Cortex-A35 DDR3 Read Performance Bottlenecks and Optimization Strategies

Cortex-A35 DDR3 Read Access Latency and Bandwidth Discrepancies

The Cortex-A35, a power-efficient ARMv8-A processor, is designed for low-power applications but still requires careful tuning to achieve optimal memory performance. In this analysis, we focus on the observed discrepancies between DDR3 read and write bandwidths, specifically in the context of the i.MX 8X SoC with DDR3L-1866 memory. The measured bandwidths for MEMSET (6079 MB/s) and MEMREAD (2880 MB/s) reveal a significant performance gap, despite both operations leveraging NEON instructions and prefetch mechanisms. This discrepancy suggests underlying architectural and configuration limitations that need to be addressed.

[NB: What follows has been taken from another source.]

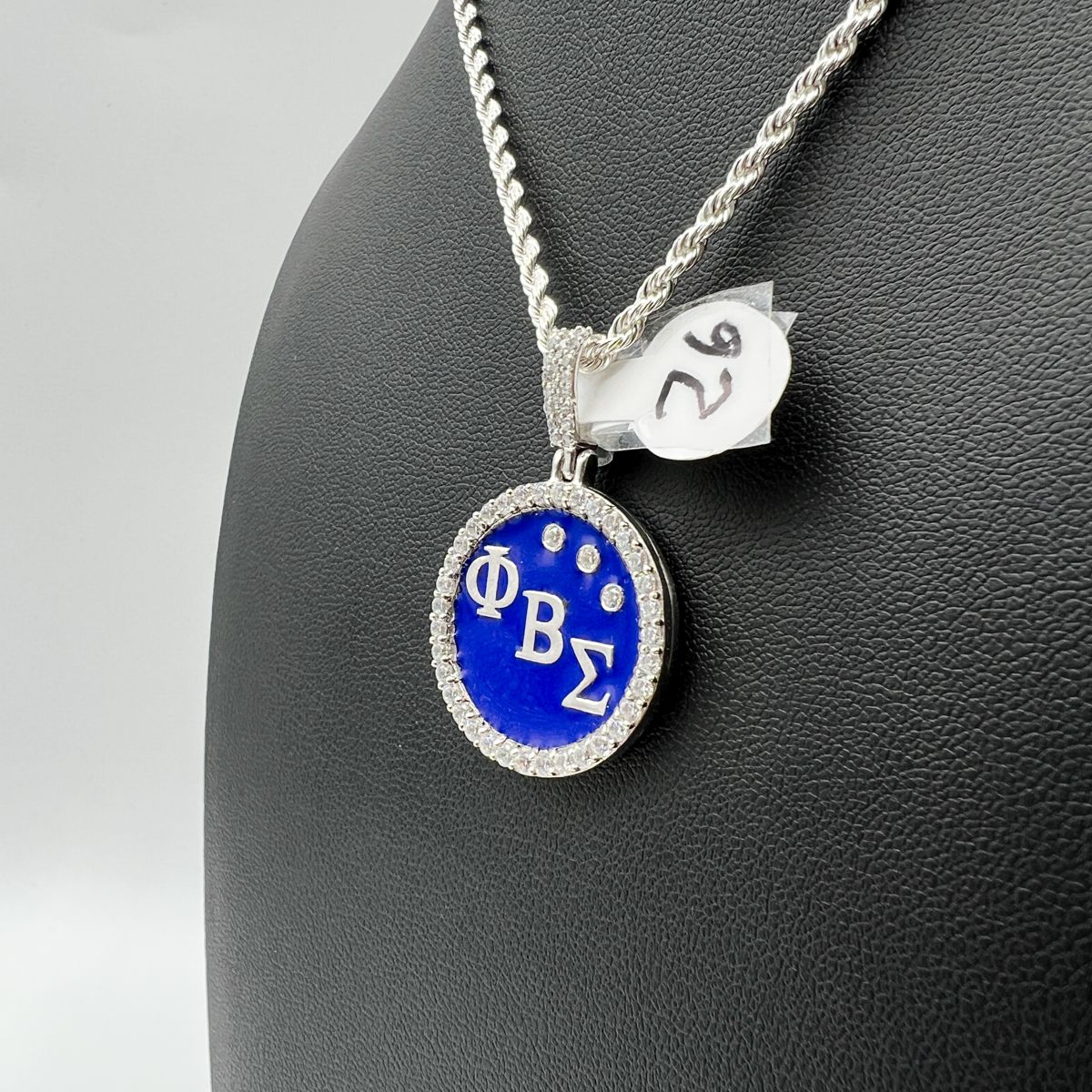 ΦΒΣ Diagonal Round Enamel Pendant - Small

The Cortex-A35’s memory subsystem is influenced by several factors, including cache line sizes, memory access patterns, and the behavior of the L1 and L2 caches. The L1 data cache is 32 KB with a 64-byte cache line, while the L2 unified cache is 512 KB. The DDR3L-1866 memory interface theoretically supports a bandwidth of 7464 MB/s, but achieving this requires optimal utilization of the memory controller and cache hierarchy. The observed MEMSET performance (81% of theoretical bandwidth) indicates that write operations are relatively well-optimized, while read operations are bottlenecked by factors such as read latency, cache fill behavior, and memory controller arbitration.

One critical aspect is the difference in access latency between reads and writes. DDR3 memory typically exhibits higher read latency (13 cycles) compared to write latency (9 cycles). While this difference alone does not fully explain the observed bandwidth gap, it highlights the need for careful tuning of the memory subsystem to mitigate latency effects. Additionally, the Cortex-A35’s load/store unit (LSU) and data cache unit (DCU) have limitations on the number of outstanding memory requests, which can further constrain read performance.

Cache Line Fill Behavior and Memory Controller Arbitration

The Cortex-A35’s cache line fill behavior plays a significant role in read performance. Cache fills occur in bursts of 64 bytes, which aligns with the 64-byte cache line size. However, the memory controller’s ability to handle these bursts efficiently depends on several factors, including the number of outstanding requests and the arbitration policies of the snoop control unit (SCU). The SCU is responsible for managing coherency and arbitration between multiple cores, but its configuration can impact single-core performance as well.

In the case of MEMREAD operations, the memory controller must fetch entire cache lines from DDR3 memory, even if only a portion of the data is immediately needed. This results in a higher effective latency for read operations compared to writes, where data can be buffered and written back to memory in larger chunks. The Cortex-A35’s L1 data cache supports eight outstanding linefill requests, but this may not be sufficient to fully utilize the DDR3 interface bandwidth, especially when dealing with sequential read patterns.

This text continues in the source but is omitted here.